Saved entries:
_ _ _
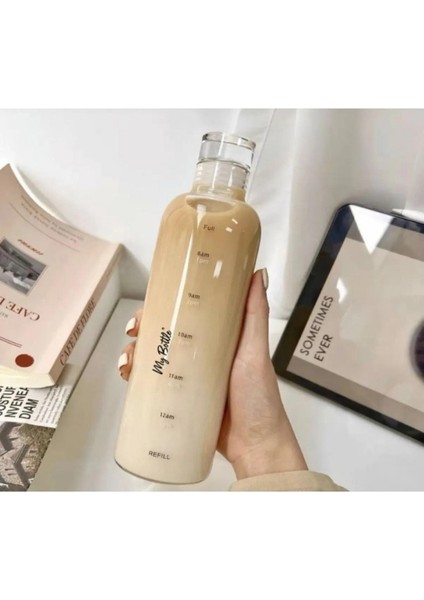 Sağlıklı Cam Su Şişesi 500 ml Motivasyonlu Sızdırmaz Matara Suluk fiyatları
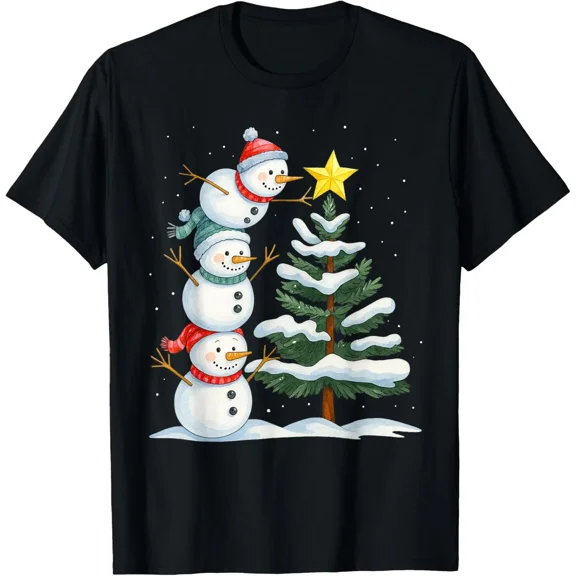 Holiday Snowman Topper Tree Cute Family Festive Winter Scene Unisex T-Shirt up to size 5XL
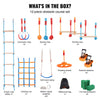 VEVOR Ninja Warrior Obstacle Course for Kids, 2 x 56 ft Weatherproof Slacklines, 500lbs Weight Capacity Monkey Line, Outdoor Playset Equipment, Backyard Toys Training Equipment Set with 12 Obstacles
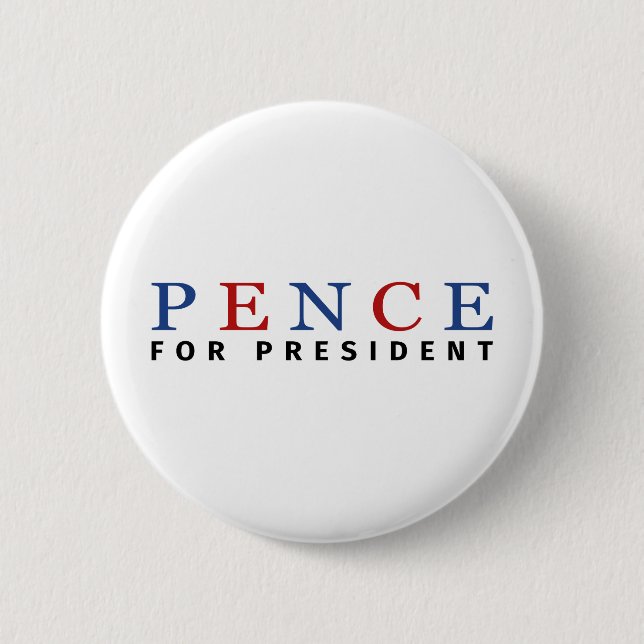 Modern Blue Red Mike Pence for President 6 Cm Round Badge (Front)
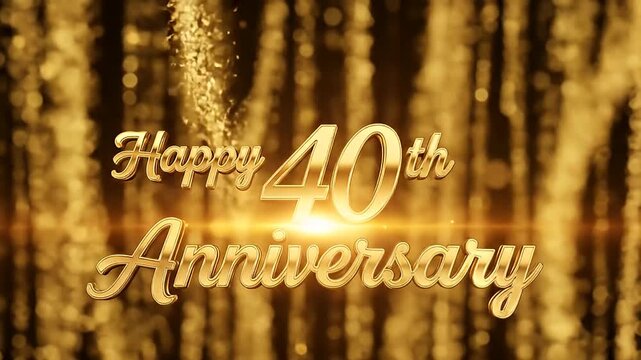 Happy 40th Anniversary Golden Celebration Glitter Background
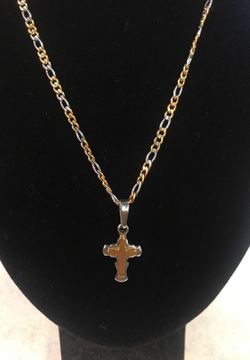 Brand New Stainless Steel Two-Tone Chain & Charm Set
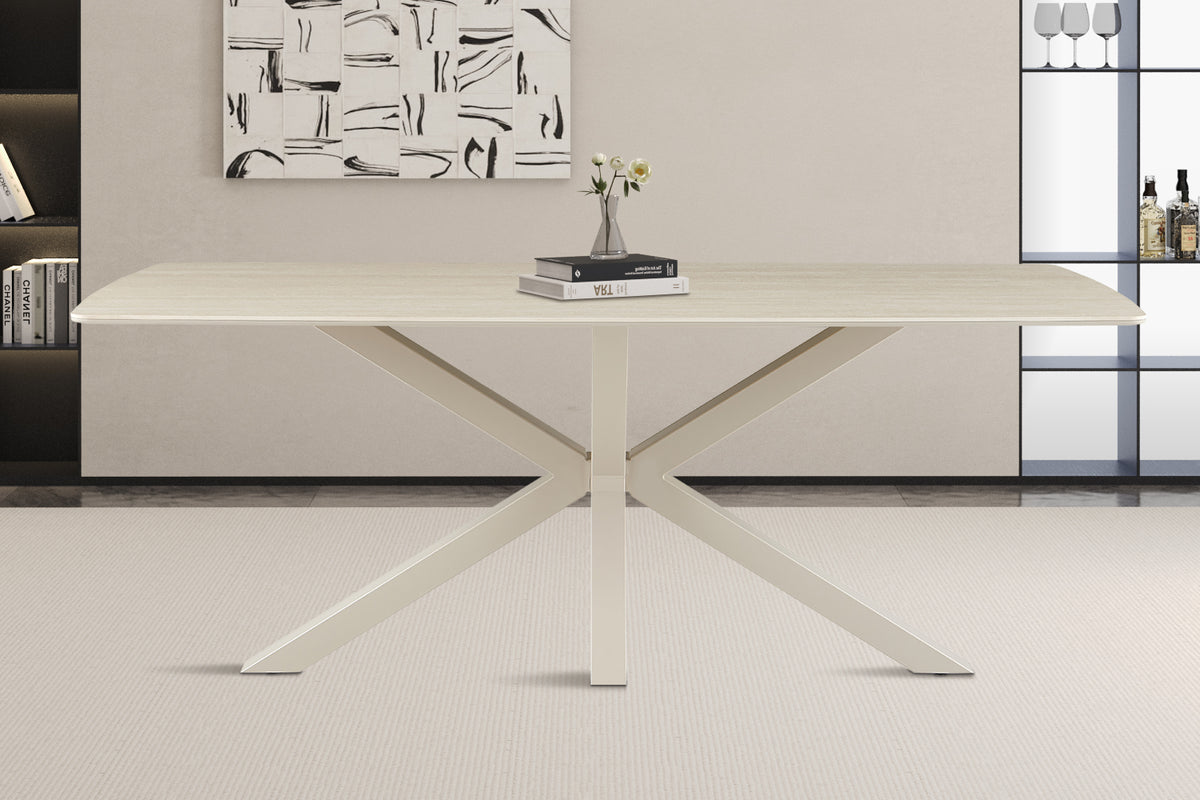 Table Noa 180x90 cm ovale danoise Beige – Pied gris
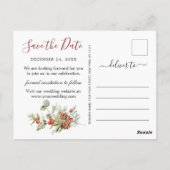 赤エレガントポインセチア松の結婚式の日付を保存 ポストカード (裏面)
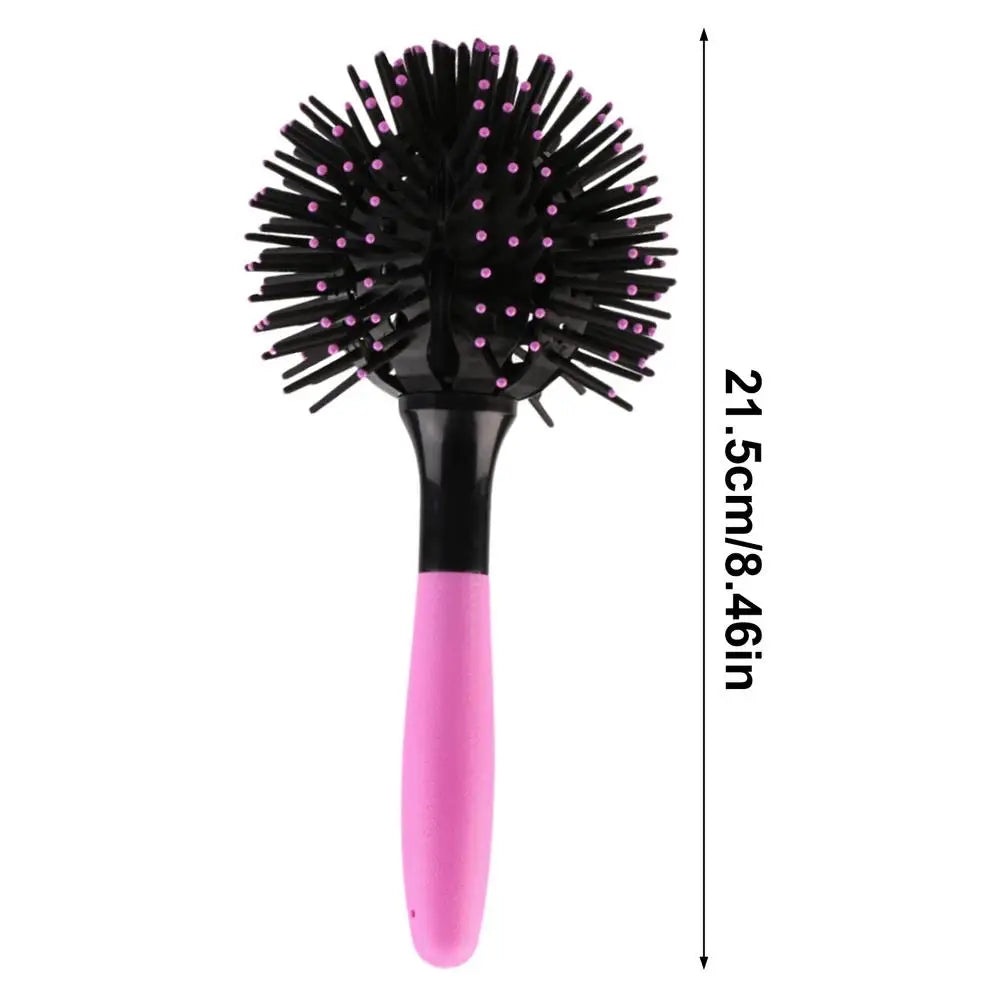3D Round Hair Brushes Comb Round Styling Hair Brush Detangling Hairbrush Salon Spherical Ball Brush for Thick Curly Hair Peaceful Pleasures Health and Wellness Black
_ _ _
*PROBLEM TO WORK ON*: Nothing but an exact copy is needed, covering the lines from the line with "赤エレガントポインセチア松の結婚式の日付を保存 ポストカード (裏面)" through the last line of the entries, pictures excluded.

*RESPONSE TO THE TASK*:
 赤エレガントポインセチア松の結婚式の日付を保存 ポストカード (裏面)
3D Round Hair Brushes Comb Round Styling Hair Brush Detangling Hairbrush Salon Spherical Ball Brush for Thick Curly Hair Peaceful Pleasures Health and Wellness Black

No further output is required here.